Little did the world know that when João Gilberto (Bahia, 1931) added his special guitar accompaniment and beat to Elizeth Cardoso’s recording of Tom Jobim-Vinícius de Moraes’ “Chega de Saudade,” he was creating a mark for what would become known as Bossa Nova. The year was 1958, and that recording appeared in the LP Canção do Amor Demais (now also available on CD). Tough he had been recording since 1951 (he was crooner with the famous Garotos da Lua group), it was after Canção do Amor Demais that João Gilberto’s solo career took off and made him the star he is today and also garnered him with the title of the Pope of Bossa Nova.
João Gilberto was more than an accomplished guitarist and singer. He also wrote a few compositions, a fact that is often overshadowed by his enormous performer talent. Since 2008 marked the 50th anniversary of that legendary recording that started a whole new musical genre, Brazilian vocalist Ithamara Koorax (Rio de Janeiro, 1965) teamed up with guitarist Juarez Moreira (Minas Gerais, 1954) to release an album with the complete João Gilberto songbook. Produced by Arnaldo DeSouteiro, Bim Bom: The Complete João Gilberto Songbook features all vocals by Ithamara Koorax and guitars by Juarez Moreira.
Both Ithamara and Juarez need no long introductions. She has recorded with artists all over the world, including Antônio Carlos Jobim, Luiz Bonfá, Ron Carter,Azymuth, Eumir Deodato, Gonzalo Rubalcaba, Sadao Watanabe, and is a renowned jazz vocalist. Juarez, similarly, is admired as a top Brazilian guitarist who has worked with giants such as Milton Nascimento,Toninho Horta, Simone Guimarães and many others. His 1998 albumBom Dia was critically acclaimed and had Milton Nascimento’s endorsement as “a trip to paradise.” When these two artists joined talents to record the João Gilberto songbook, the result could not be far from perfection. The music is great, and the performers honor João Gilberto with probably one of the best tributes he will ever receive.

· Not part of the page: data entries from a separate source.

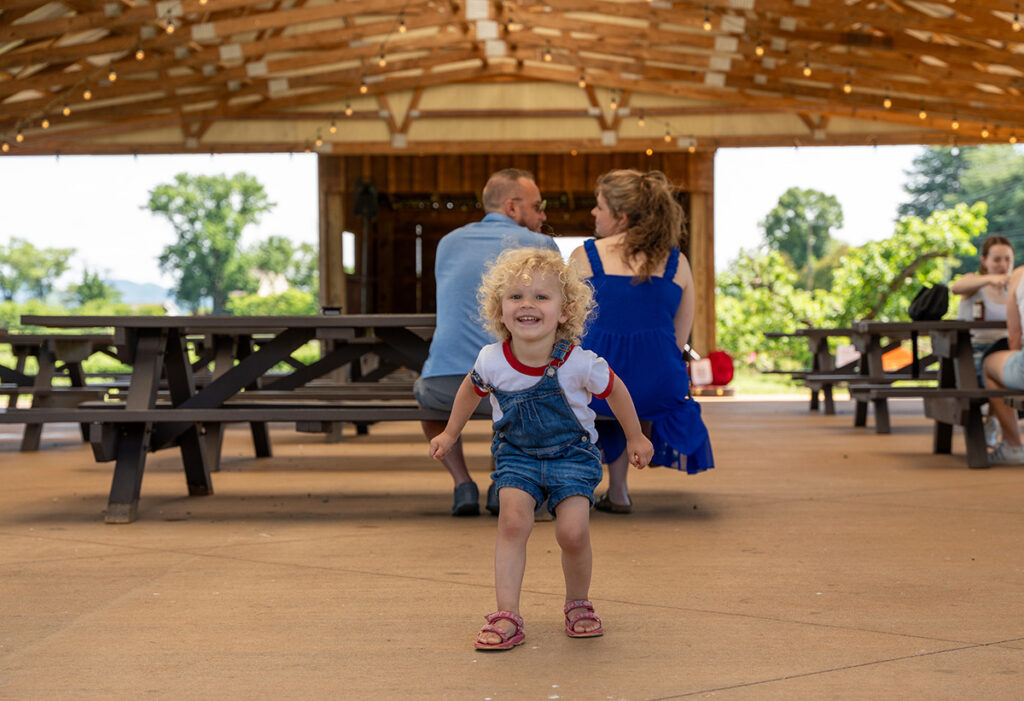 A child excitedly looking in the camera at an outdoor venue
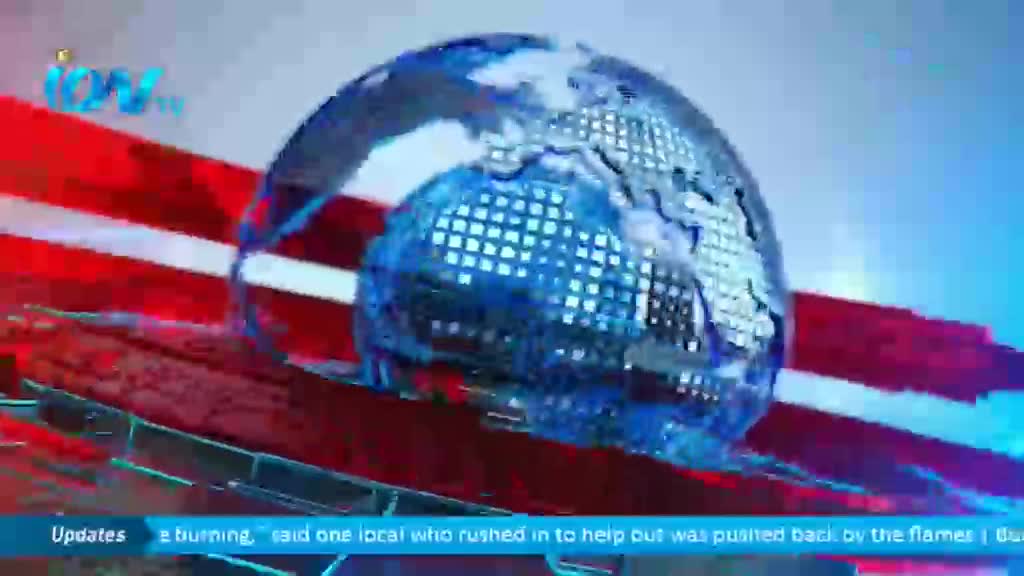 A rotating, pixelated globe sits atop red and white bars, the Ion TV logo visible in the corner. Below, a news ticker scrolls across the screen.
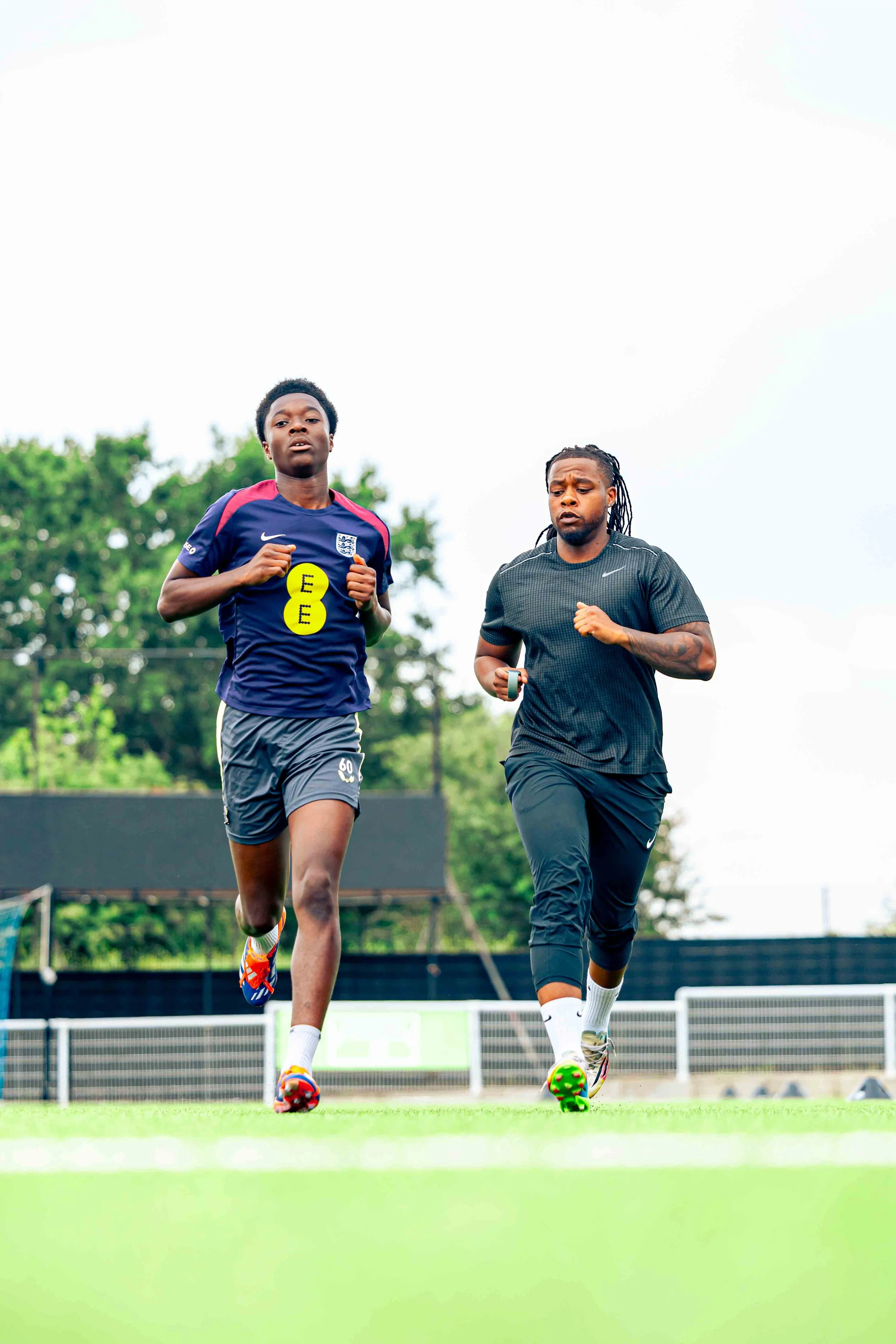 Two men running on a grass field during daytime, one in a blue sports jersey and the other in black athletic wear.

João Gilberto’s 1958 single “Bim Bom” is the album opener. An up-tempo bossa with simple lyrics, the song is very lively and features a fantastic guitar solo by Juarez. Ithamara’s vocals keep up with the tempo, rarely giving her time to breathe. It’s a great opener. The first five tracks in the album are primarily songs with full lyrics. Though they are all beautifully arranged and performed, I cannot find the right words to congratulate Ithamara and Juarez for the simple arrangement created for “Hô-Bá-Lá-Lá” (another 1958 single). Ithamara sounds heavenly in her breathy vocals, at times exhibiting an adorable laziness in her phrasing without affecting the enunciation at all. Together they capture the romantic tone of the lyrics like no one else, including the composer’s version! To me, this has become the definitive version of “Hô-Bá-Lá-Lá.” The magic created in this song takes me back to that scene in Black Orpheus when we first hear “Manhã de Carnaval” in the movie. As a bonus, the album also includes the English version of “Hô-Bá-Lá-Lá.”
The next 6 tracks are primarily songs without lyrics. Though at times, Ithamara does vocalese as originally performed by João Gilberto in his own renditions, these tracks do not really have words. Here we have a chance to hear Juarez more prominently. He can more freely showcase his artistry as the accomplished guitarist he is. The duets he performs with his acoustic and electric guitars are present in most of these tracks. “An Embrace to Bonfá” and “João Marcelo” are especially memorable.
Bim Bom is certainly a well-deserving tribute to João Gilberto. What Ithamara and Juarez did in Bim Bom proves that with talent, one can clearly improve what was already good at the start. These two artists are in rare form and have done a superb job.